▶ **Your objective**: Every picture should be left out, but the lines below must be repeated exactly.

▶ **Available data**:

=-=-=

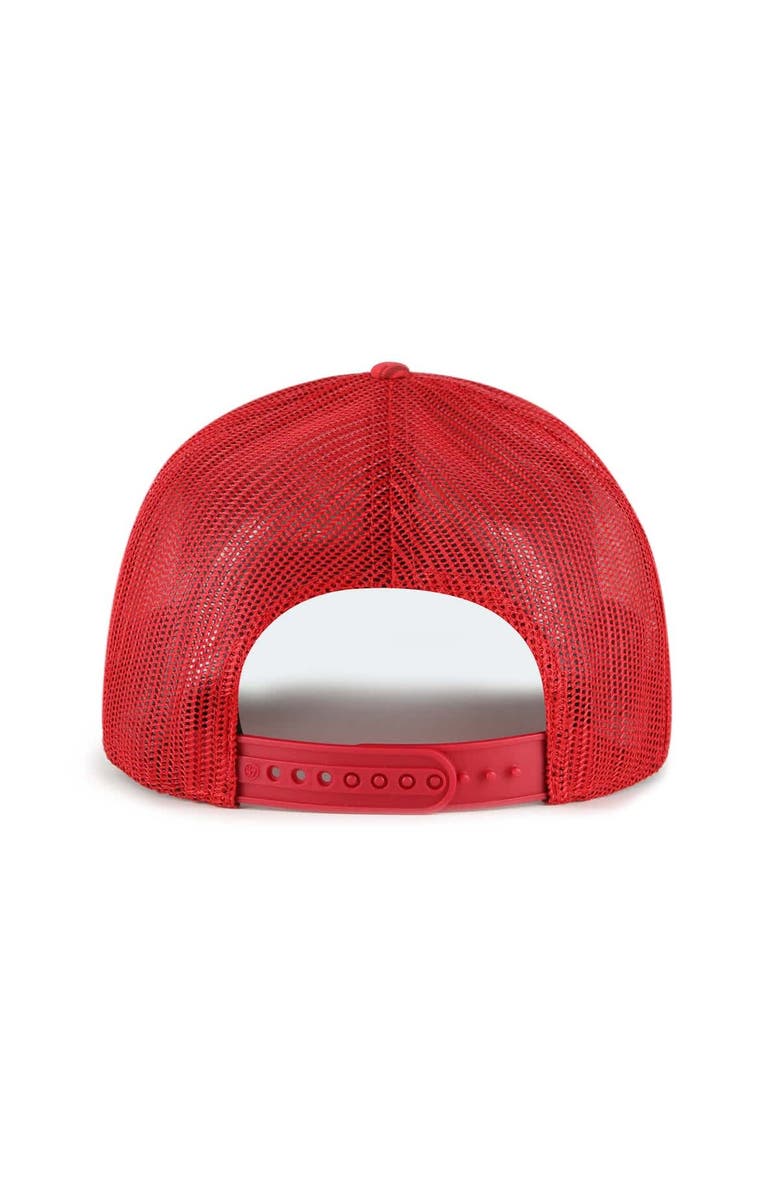 '47 Men's '47 Red Tampa Bay Buccaneers Fiji Trucker Adjustable Hat, Alternate, color, 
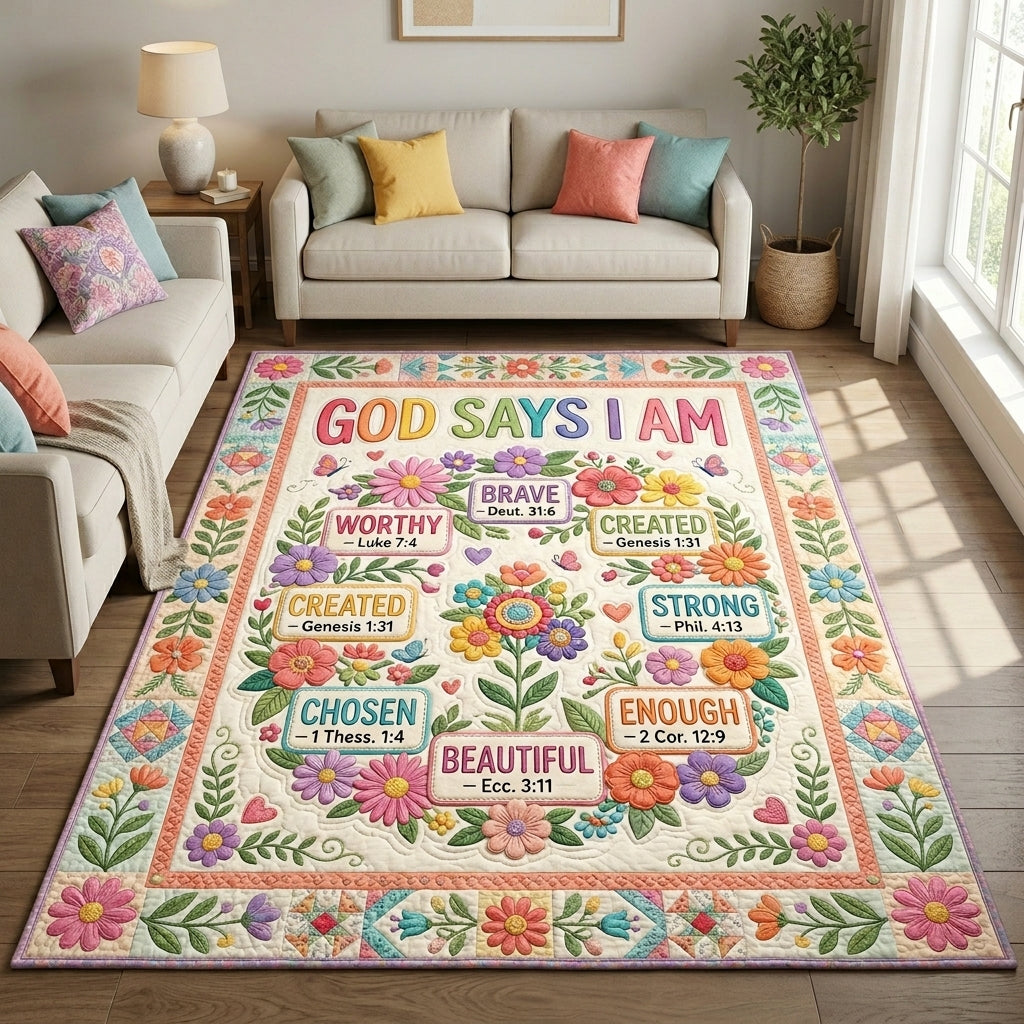 Christian God Says You Are Area Rug GFTOLAN502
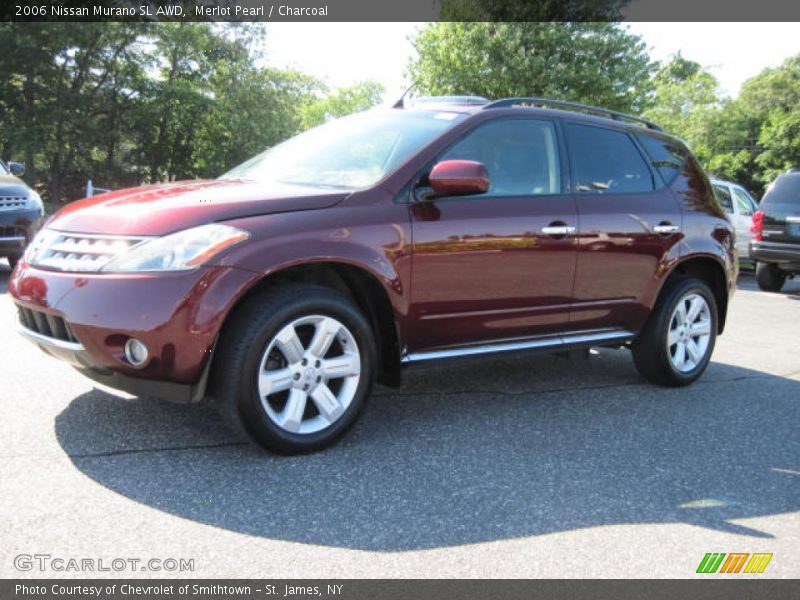 Merlot Pearl / Charcoal 2006 Nissan Murano SL AWD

=-=-=

▶ **Task answer**:
 '47 Men's '47 Red Tampa Bay Buccaneers Fiji Trucker Adjustable Hat, Alternate, color, 
 Christian God Says You Are Area Rug GFTOLAN502
 Merlot Pearl / Charcoal 2006 Nissan Murano SL AWD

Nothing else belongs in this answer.